▸ **The problem**: Each line of the data must be given back verbatim, with pictures removed.
++++ Recorded data
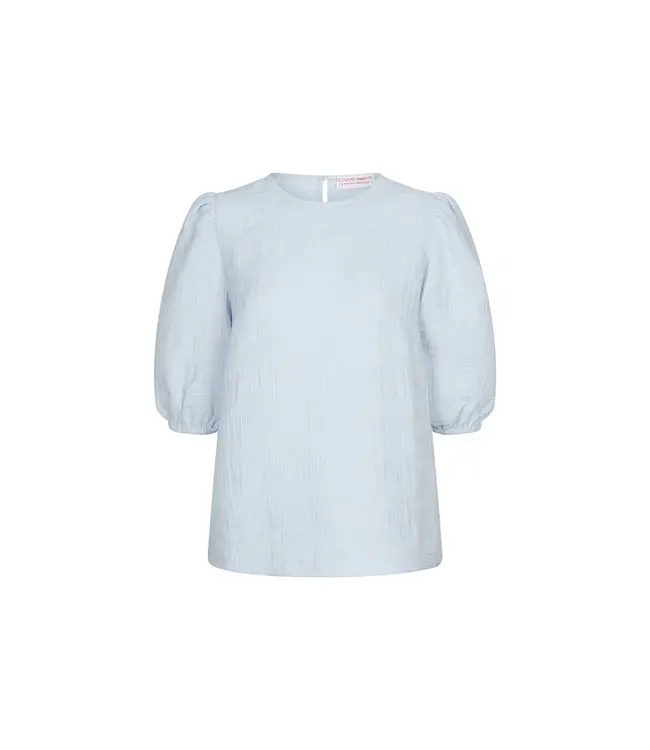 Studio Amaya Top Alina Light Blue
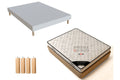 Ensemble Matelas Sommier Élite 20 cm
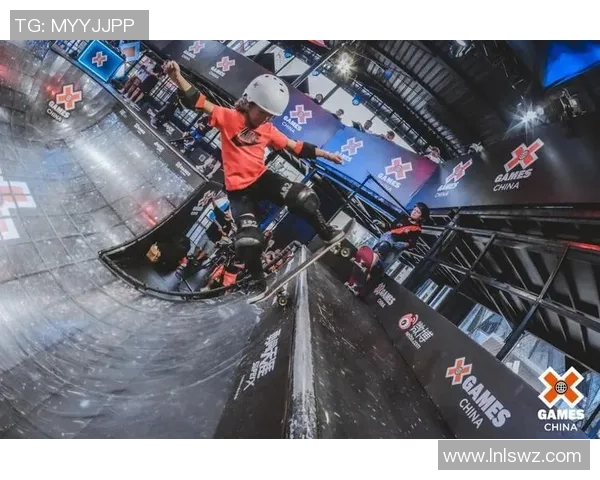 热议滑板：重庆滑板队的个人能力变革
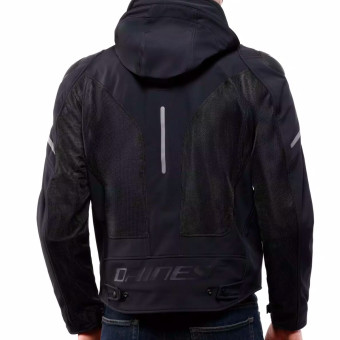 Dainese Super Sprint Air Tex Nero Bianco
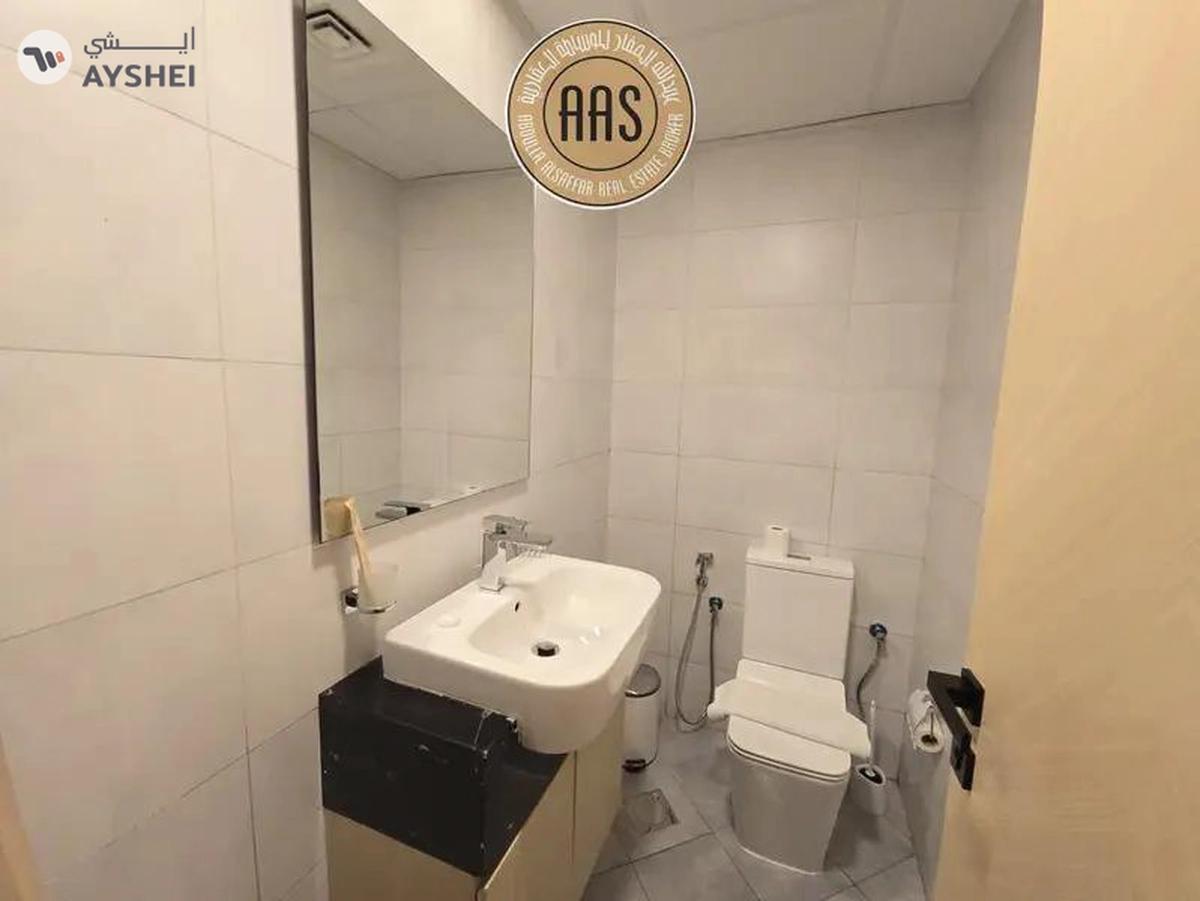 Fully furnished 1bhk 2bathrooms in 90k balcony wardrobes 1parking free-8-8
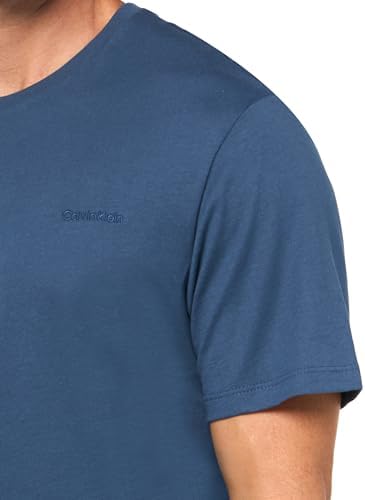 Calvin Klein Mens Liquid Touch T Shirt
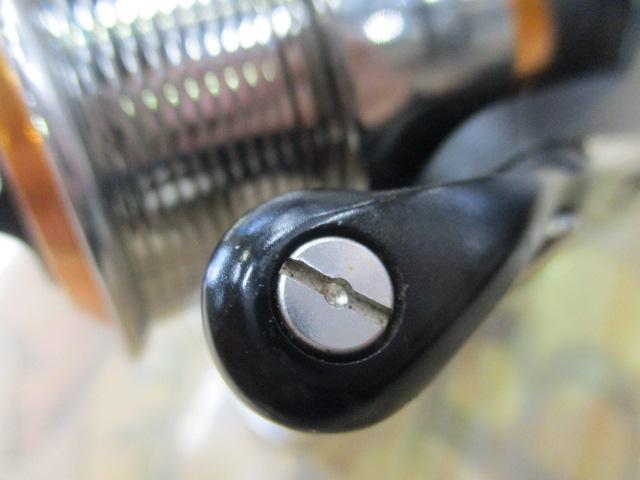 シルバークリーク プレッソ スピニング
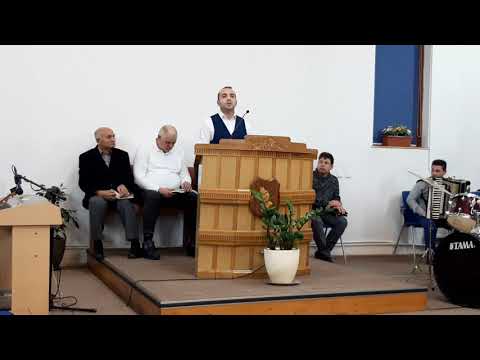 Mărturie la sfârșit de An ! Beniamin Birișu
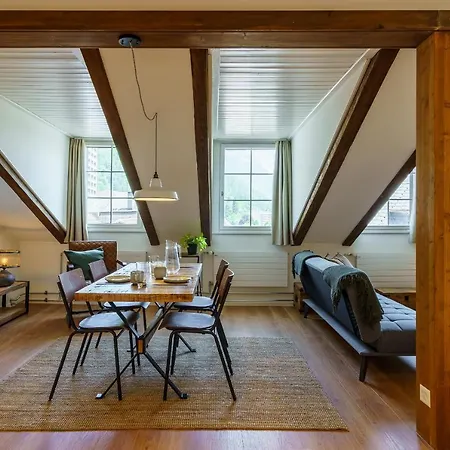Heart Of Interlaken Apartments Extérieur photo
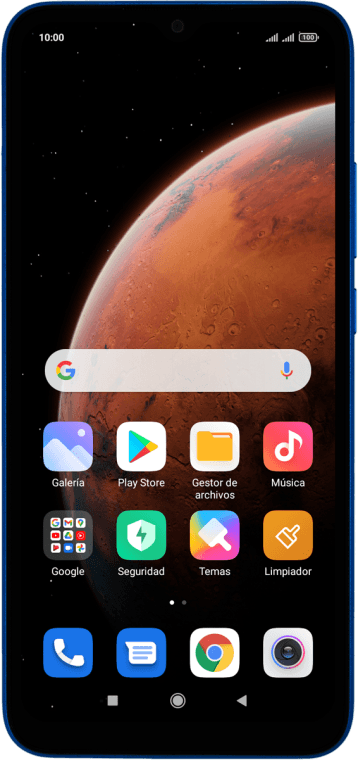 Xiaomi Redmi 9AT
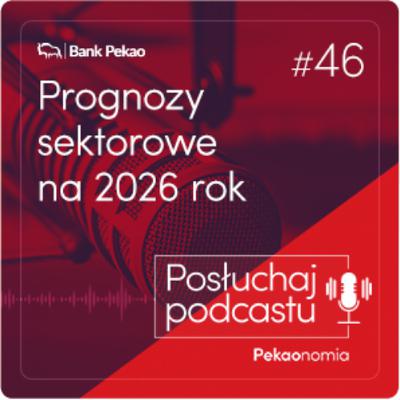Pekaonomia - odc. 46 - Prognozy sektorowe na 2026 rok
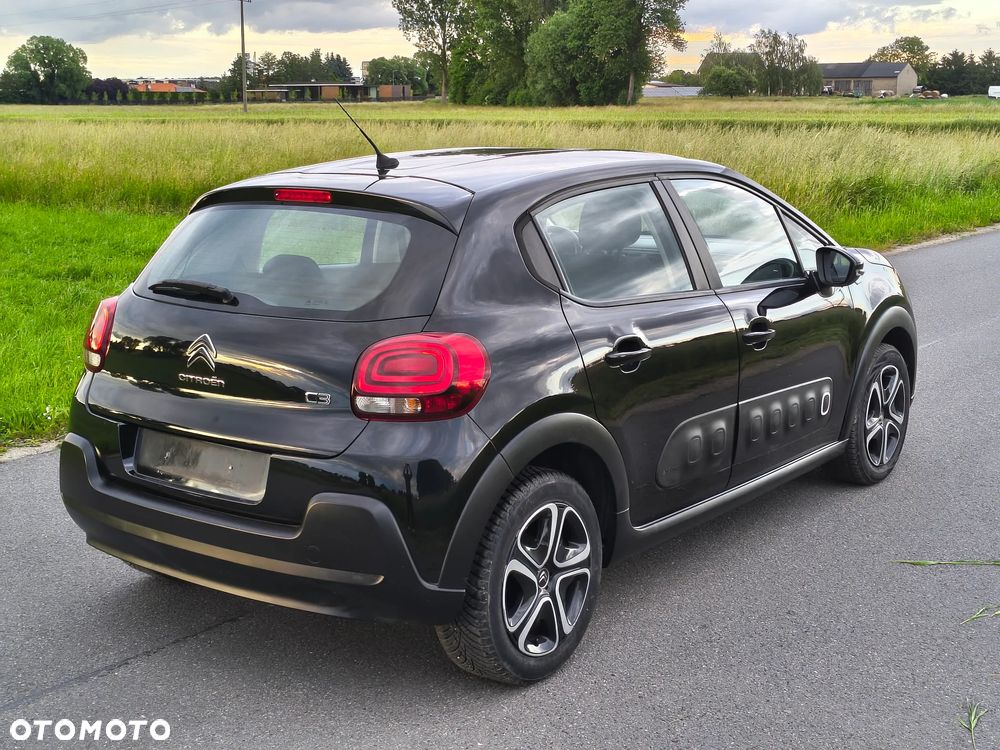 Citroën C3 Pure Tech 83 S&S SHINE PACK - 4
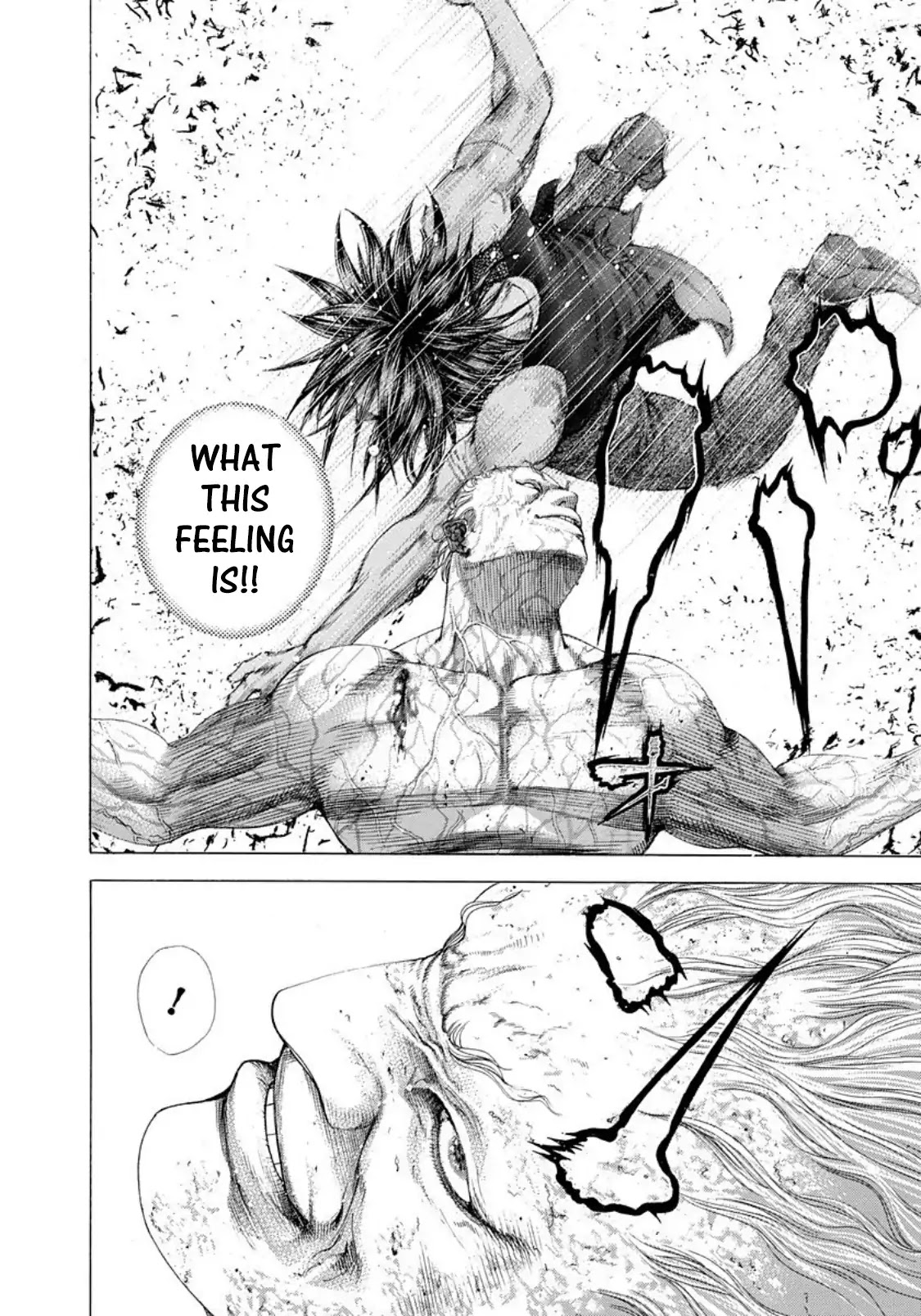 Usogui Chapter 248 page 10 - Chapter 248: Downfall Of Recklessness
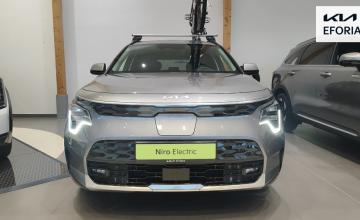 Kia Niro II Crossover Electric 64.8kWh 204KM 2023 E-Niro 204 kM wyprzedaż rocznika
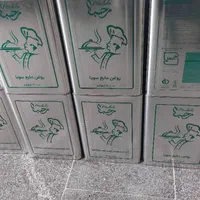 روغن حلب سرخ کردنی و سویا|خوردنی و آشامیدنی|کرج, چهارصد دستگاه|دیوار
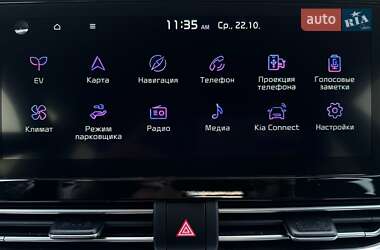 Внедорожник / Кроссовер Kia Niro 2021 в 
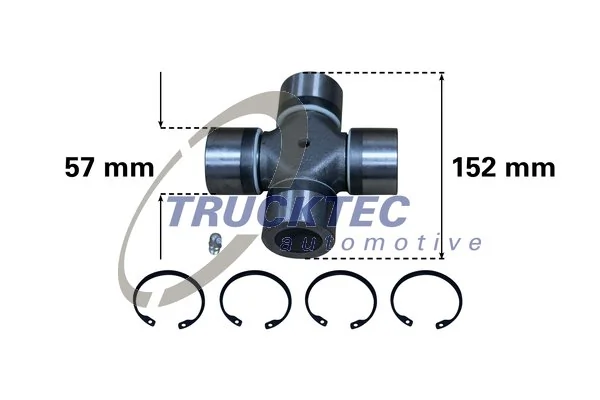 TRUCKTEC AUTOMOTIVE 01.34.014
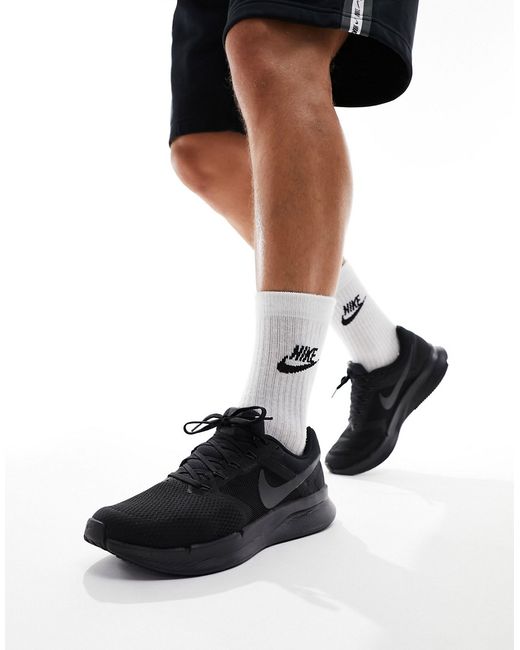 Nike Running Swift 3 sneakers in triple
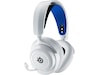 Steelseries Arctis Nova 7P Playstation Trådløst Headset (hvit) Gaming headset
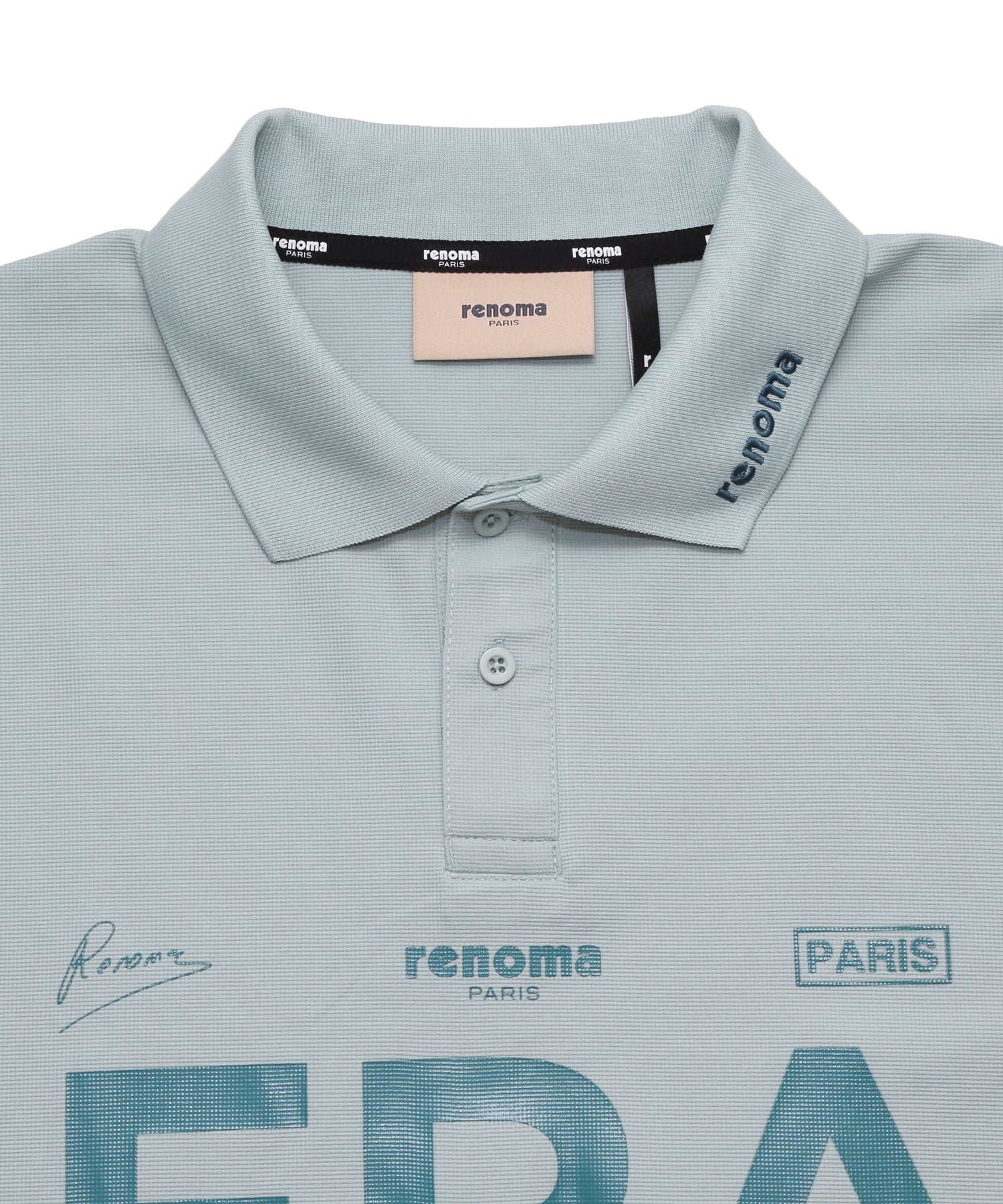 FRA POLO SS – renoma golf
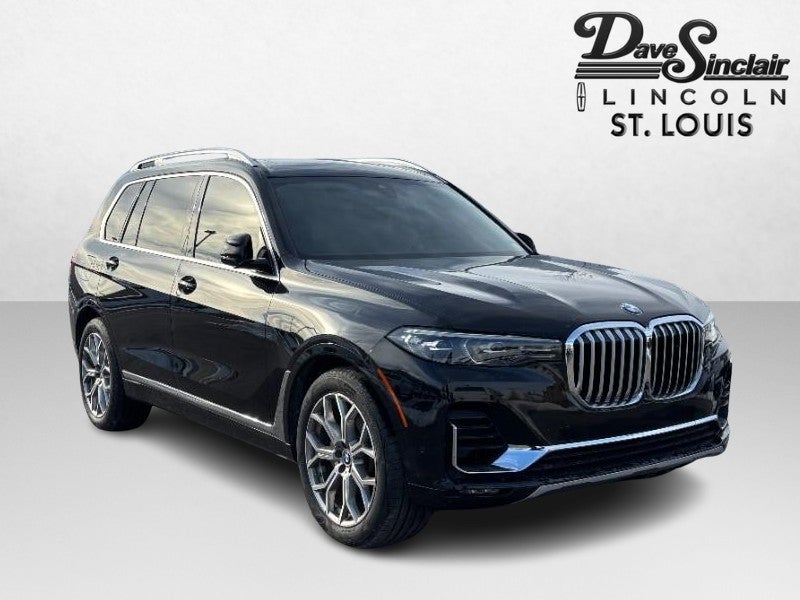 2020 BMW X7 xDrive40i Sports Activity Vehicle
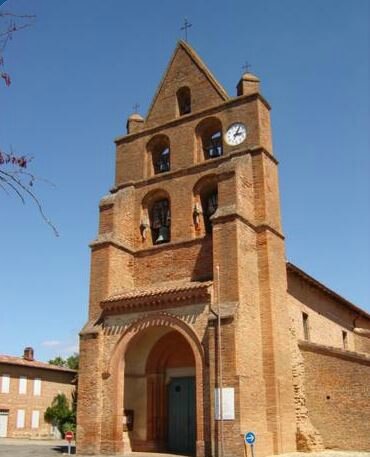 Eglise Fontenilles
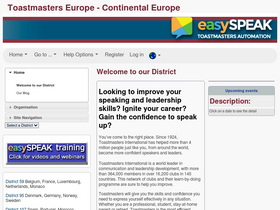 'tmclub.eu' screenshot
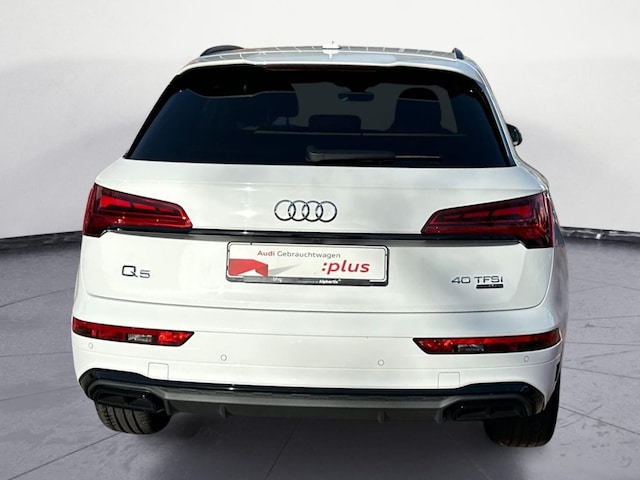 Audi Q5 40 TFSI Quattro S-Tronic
++++++++
▸ **Answer to the problem**:
 Studio Amaya Top Alina Light Blue
 Ensemble Matelas Sommier Élite 20 cm
 热议滑板：重庆滑板队的个人能力变革
 Dainese Super Sprint Air Tex Nero Bianco
 Fully furnished 1bhk 2bathrooms in 90k balcony wardrobes 1parking free-8-8
 Calvin Klein Mens Liquid Touch T Shirt
 シルバークリーク プレッソ スピニング
 Mărturie la sfârșit de An ! Beniamin Birișu
Heart Of Interlaken Apartments Extérieur photo
 Xiaomi Redmi 9AT
Pekaonomia - odc. 46 - Prognozy sektorowe na 2026 rok
 Citroën C3 Pure Tech 83 S&S SHINE PACK - 4
 Usogui Chapter 248 page 10 - Chapter 248: Downfall Of Recklessness
 Kia Niro II Crossover Electric 64.8kWh 204KM 2023 E-Niro 204 kM wyprzedaż rocznika
 روغن حلب سرخ کردنی و سویا|خوردنی و آشامیدنی|کرج, چهارصد دستگاه|دیوار
 Внедорожник / Кроссовер Kia Niro 2021 в 
 TRUCKTEC AUTOMOTIVE 01.34.014
 Nike Running Swift 3 sneakers in triple
 Steelseries Arctis Nova 7P Playstation Trådløst Headset (hvit) Gaming headset
 FRA POLO SS – renoma golf
 2020 BMW X7 xDrive40i Sports Activity Vehicle
 Eglise Fontenilles
 'tmclub.eu' screenshot
 Audi Q5 40 TFSI Quattro S-Tronic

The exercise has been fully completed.